◆ **EXERCISE AIM**
Each line below must be reproduced exactly, though the pictures are to be dropped.

◆ **SOURCE DATA**

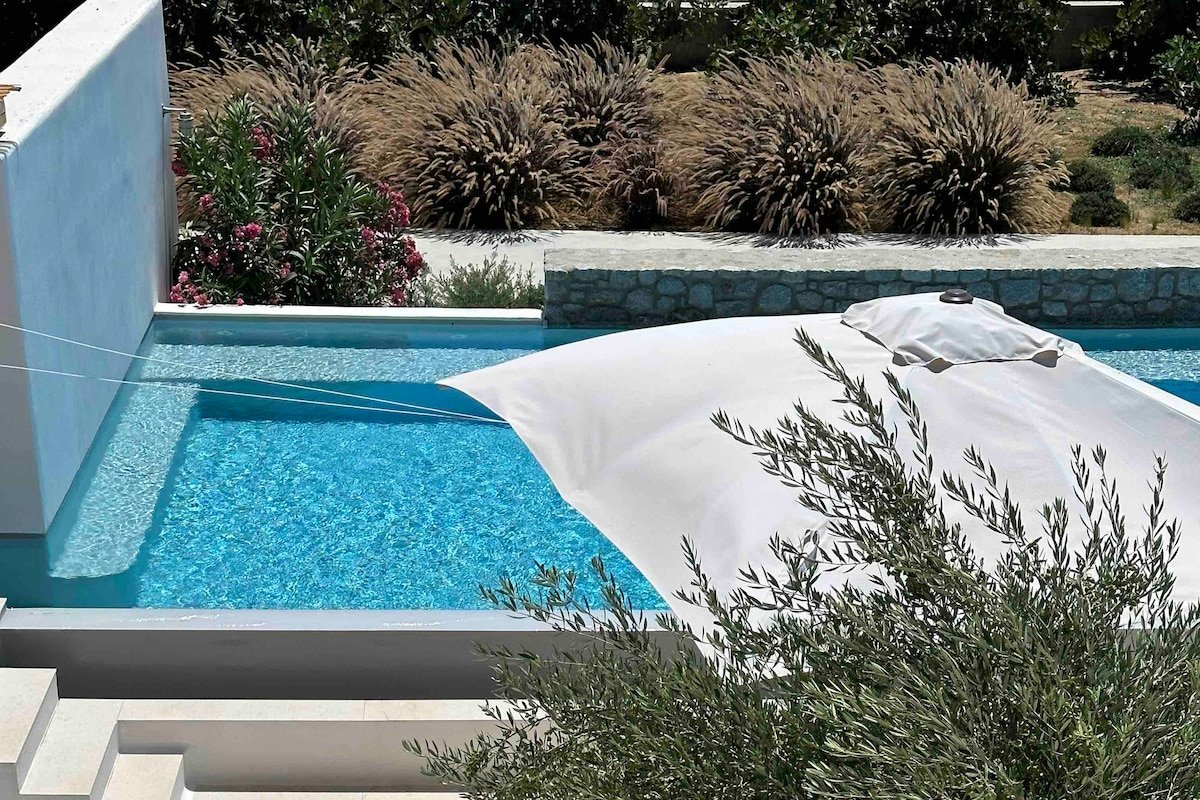 Alio (2suites) with one private swimming pool gallery image 3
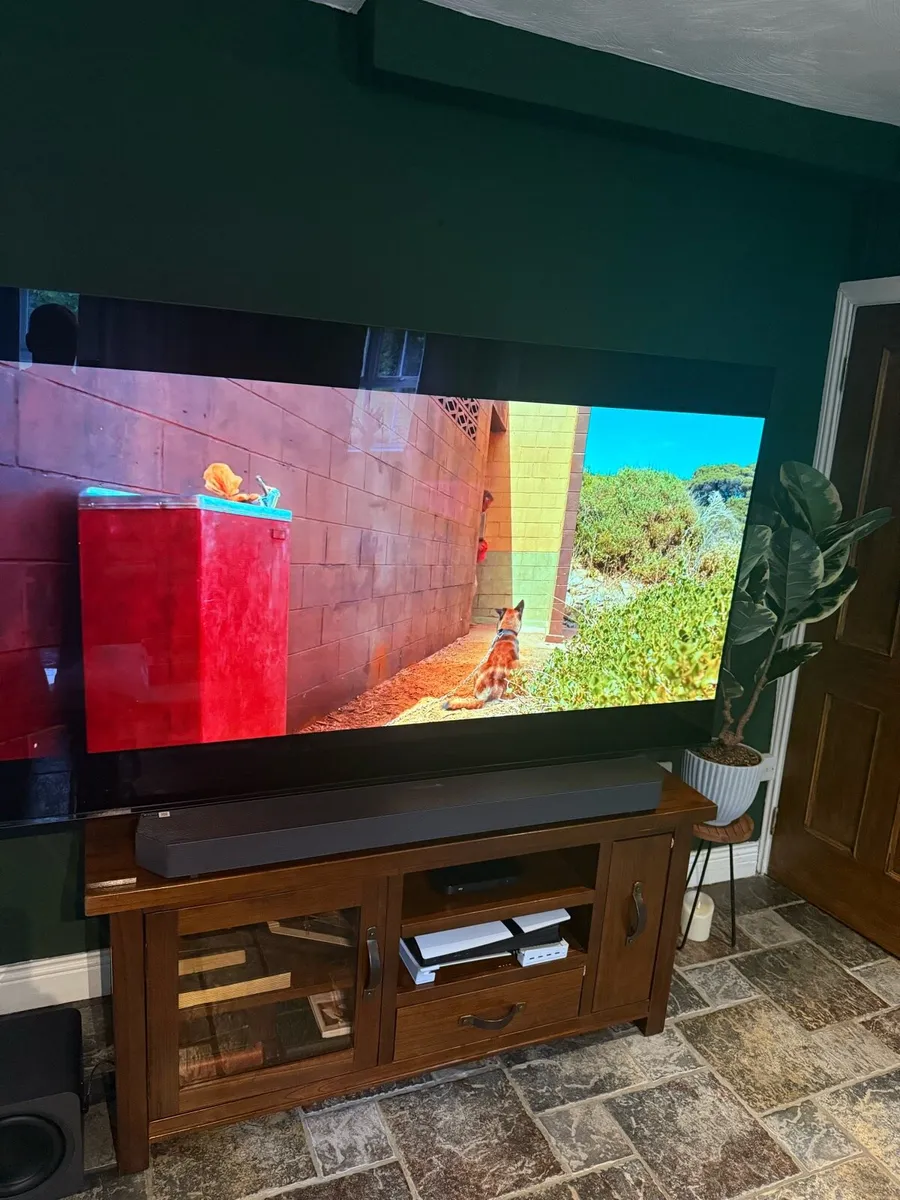 SONY OLED 77 INCH A80J - Image 1
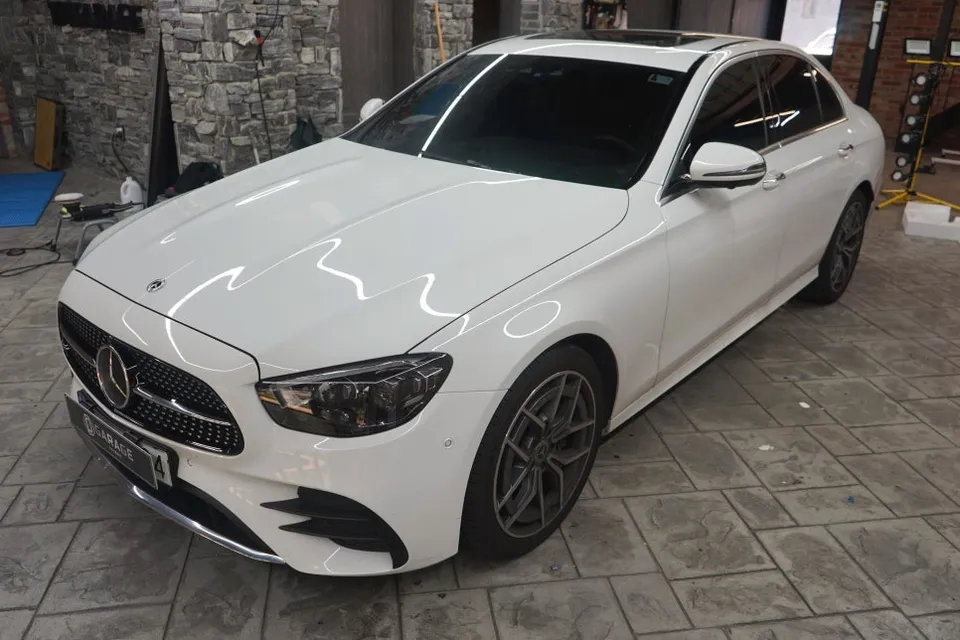 Mercedes-Benz Eクラス W213のガラスコーティング事例 施工写真 3-1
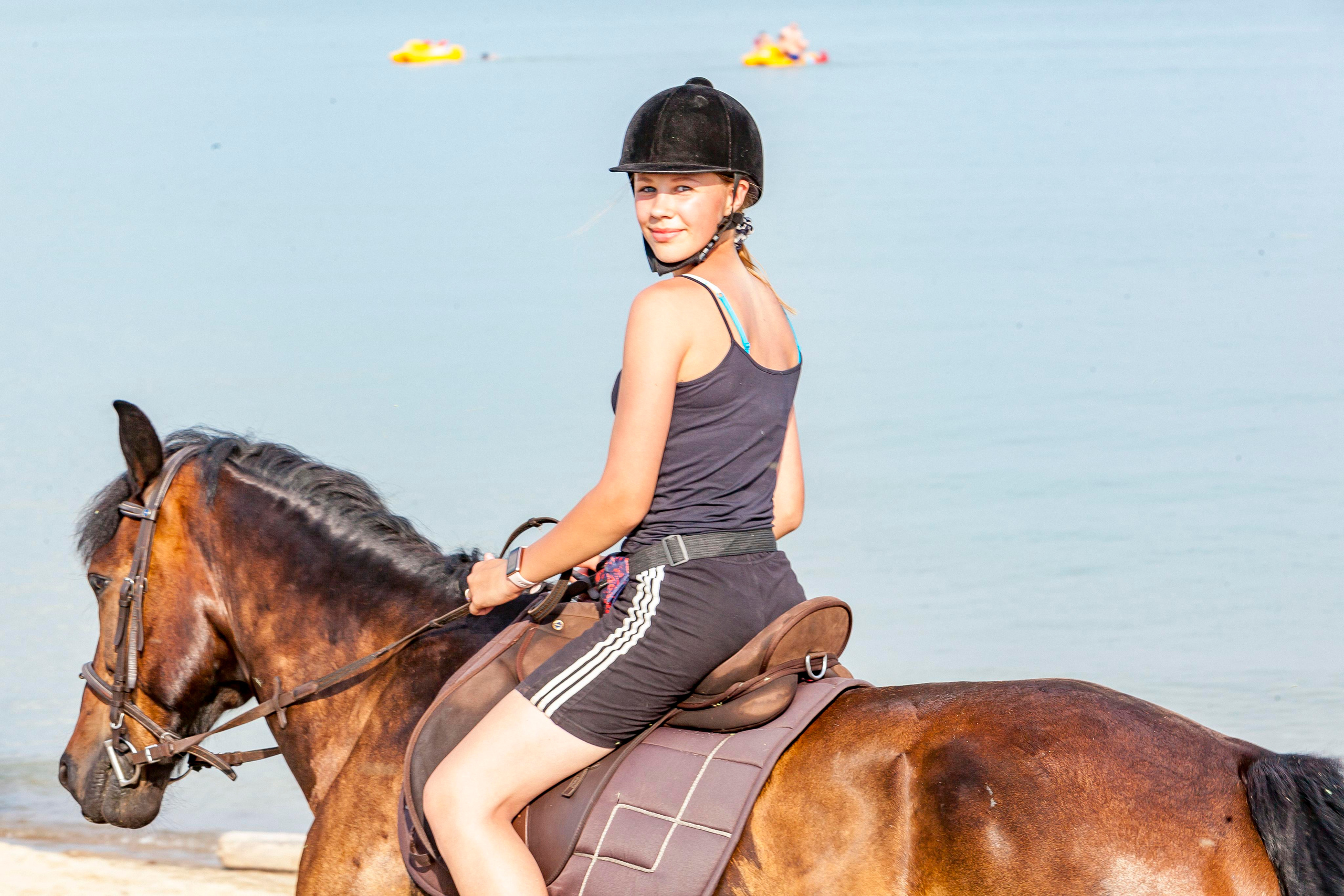 Фотосет Юли у моря на конях. Репортажный фотограф в Новосибирске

◆ **SOLUTION TO THIS PROBLEM**
 Alio (2suites) with one private swimming pool gallery image 3
 SONY OLED 77 INCH A80J - Image 1
 Mercedes-Benz Eクラス W213のガラスコーティング事例 施工写真 3-1
 Фотосет Юли у моря на конях. Репортажный фотограф в Новосибирске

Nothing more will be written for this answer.